AHB5 is one of the two protocols described in the https://documentation-service.arm.com/static/5f91607cf86e16515cdc3b4b[AMBA 5 AHB protocol specification]. Its full name is (perhaps surprisingly) AMBA 5 AHB5. Refer to the protocol specification for more information about this standard bus protocol.
For minimal M-extension support, as enabled by <<param-EXTENSION_M>>, Hazard3 instantiates a sequential multiply/divide circuit (restoring divide, naive repeated-addition multiply). Instructions stall in stage `X` until the multiply/divide completes. Optionally, the circuit can be unrolled by a small factor to produce multiple bits ber clock. A throughput of one, two or four bits per cycle is achievable in practice, with the internal logic delay becoming quite significant at four.
Set <<param-MUL_FAST>> to instantiate the single-cycle multiplier circuit. The fast multiplier returns results either to stage 3 or stage 2, depending on the <<param-MUL_FASTER>> parameter.
By default the single-cycle multiplier only supports 32-bit `mul`, which is by far the most common of the four multiply instructions. The remaining instructions still execute on the sequential multiply/divide circuit. Set the <<param-MULH_FAST>> parameter to add single-cycle support for the high-half instructions (`mulh`, `mulhu` and `mulhsu`), at the cost of additional logic delay and area.
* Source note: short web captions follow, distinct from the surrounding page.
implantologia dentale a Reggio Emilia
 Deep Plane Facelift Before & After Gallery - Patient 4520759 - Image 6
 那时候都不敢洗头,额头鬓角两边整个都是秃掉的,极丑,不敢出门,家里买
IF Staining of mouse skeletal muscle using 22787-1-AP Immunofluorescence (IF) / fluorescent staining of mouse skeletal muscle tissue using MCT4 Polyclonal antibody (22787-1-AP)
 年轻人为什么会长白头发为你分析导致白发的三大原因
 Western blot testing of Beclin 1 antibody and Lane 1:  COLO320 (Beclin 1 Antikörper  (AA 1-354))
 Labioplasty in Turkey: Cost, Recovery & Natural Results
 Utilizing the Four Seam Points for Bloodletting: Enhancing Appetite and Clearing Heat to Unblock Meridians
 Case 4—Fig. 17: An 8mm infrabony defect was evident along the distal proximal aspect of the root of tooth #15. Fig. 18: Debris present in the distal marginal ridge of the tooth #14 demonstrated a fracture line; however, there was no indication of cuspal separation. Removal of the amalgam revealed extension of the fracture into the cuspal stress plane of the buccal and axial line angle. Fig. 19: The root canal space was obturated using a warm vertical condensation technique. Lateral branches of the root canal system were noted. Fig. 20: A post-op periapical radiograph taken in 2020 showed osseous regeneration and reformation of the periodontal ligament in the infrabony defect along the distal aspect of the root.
The single-cycle multiplier is implemented as a simple `*` behavioural multiply, so that your tools can infer the best multiply circuit for your platform. For example, Yosys infers DSP tiles on iCE40 UP5k FPGAs. The multiplier is a self-contained module (in `hdl/arith/hazard3_mul_fast.v`), so you can replace its implementation if you know of a faster or lower-area method for your platform.